Can street protests against corruption develop into meaningful electoral changes? Like other countries with political corruption but political party fragmentation, Bulgaria faced this question heading into national parliamentary elections held on April 4. In a positive sign for opposition parties elsewhere, widespread protests against government corruption last summer did translate into significant electoral losses for the lead governing party, Citizens for European Development of Bulgaria (GERB) and its traditional foe the Bulgarian Socialist Party (BSP), and electoral gains for political newcomers There is Such a People (ITN), Democratic Bulgaria (DB), and Stand Up! Thugs Out! (ISMV). In fact, 32% of the national vote went to new parties in parliament, the highest since 2009.
Following the failures of GERB, ITN and BSP to form coalition governments, an interim government will be put in place until new elections occur on July 11. When a government does finally form, it will face Bulgaria’s immense challenges, and its ability to solve these challenges could impact the public’s perception across the country and in the Balkans that protests can translate not only into real political change.

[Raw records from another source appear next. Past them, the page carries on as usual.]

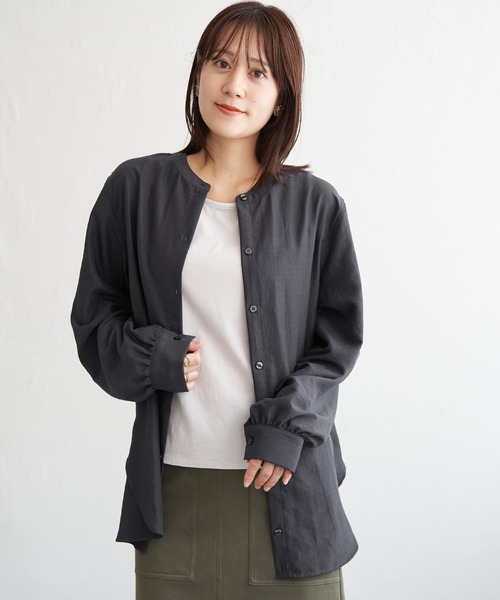 ikka(イッカ)の「【親子コーデ】マルチWAYバンドカラーシャツ(シャツ/ブラウス・レディース・オフホワイト/チャコールグレー/ブルー/グリーン/オレンジ/ダークベージュ・M/L/S)」の9枚目の写真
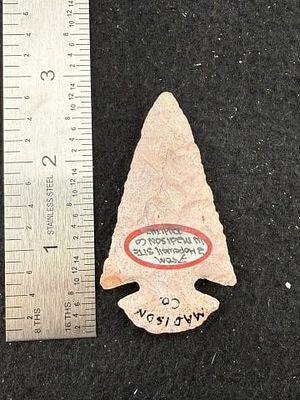 Dovetail Indian Artifact Arrowhead. KEY WORDS: INDIAN ARTIFACT ARTIFACTS ARROWHEAD ARROWHEADS 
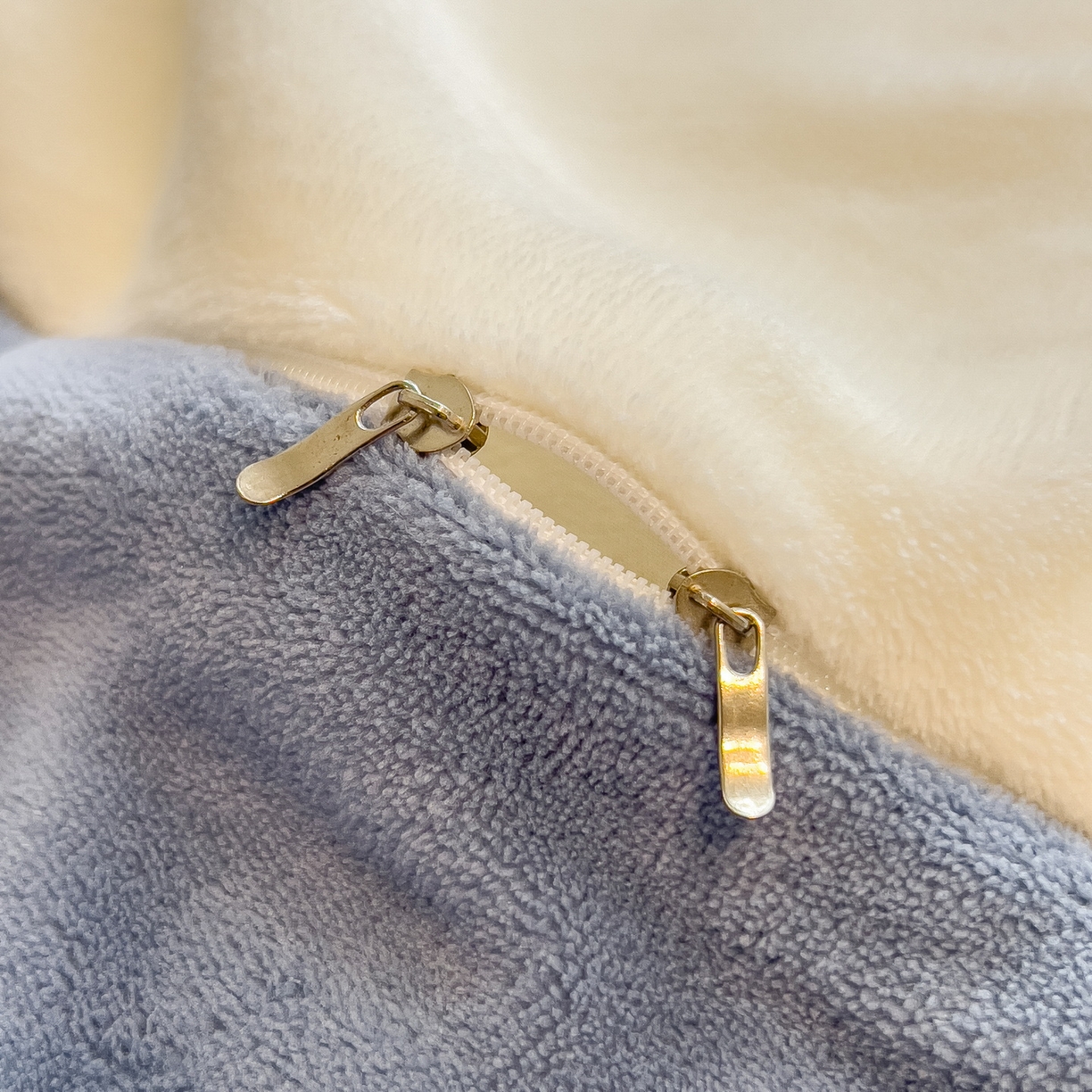 91家纺网 家纺一手货源 找家纺 丝羽坊 2025新款A类大版牛奶绒印花四件套 小萌狗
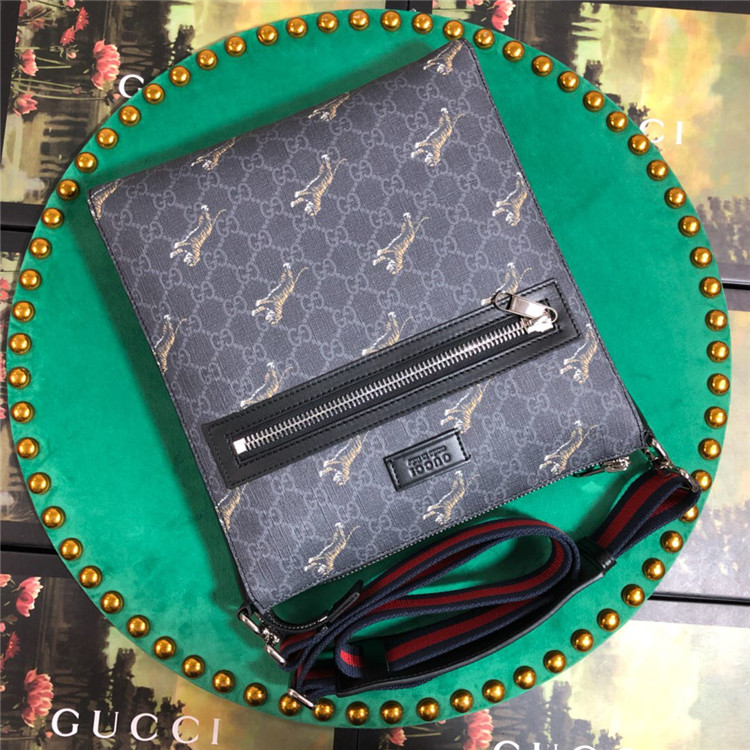 Gucci/古驰 474137 饰老虎印花 黑色帆布邮差包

Here are the three main challenges facing Bulgaria’s next government:
Defeating the COVID-19 Pandemic
Bulgaria’s next government must have defeating the pandemic as their top priority. A look at Bulgaria’s COVID metrics in comparison with its neighboring countries and the EU average tell a grave story:
As you can see, Bulgaria’s COVID-19 deaths standardized for population far exceed the EU average and three-of-four of its neighbors. Moreover, Bulgarians are still dying from COVID-19 at an alarming rate. It remains much higher than the EU average. The vaccination campaign also lags behind most of the EU and three-of-four neighbors:
The country has failed to protect itself from the economic fallout of the pandemic as well. As Ivaylo Dinev and Petar Bankov wrote in their recent LSE blog , the Bulgarian government has failed to implement and spend available EU COVID-19 response funding, including 12.3 billion euros from the European Recovery Fund and the Support to Mitigate Unemployment Risks in Emergency (SURE). Additionally, the Confederation of Independent Trade Unions of Bulgaria found that Bulgaria ranks last in percentage of GDP spent on anti-crisis measures. As a result, the economy contracted by 4.2% in 2020 according to the IMF.
Bulgaria’s next government will need to offset lockdown measures with economic protections, rally public support for mask wearing and social distancing, and ramp up the country’s vaccination campaign. It should also reassemble a central coordinating body for the pandemic response after outgoing Prime Minister Borissov disbanded the country’s COVID-19 response team on April 15.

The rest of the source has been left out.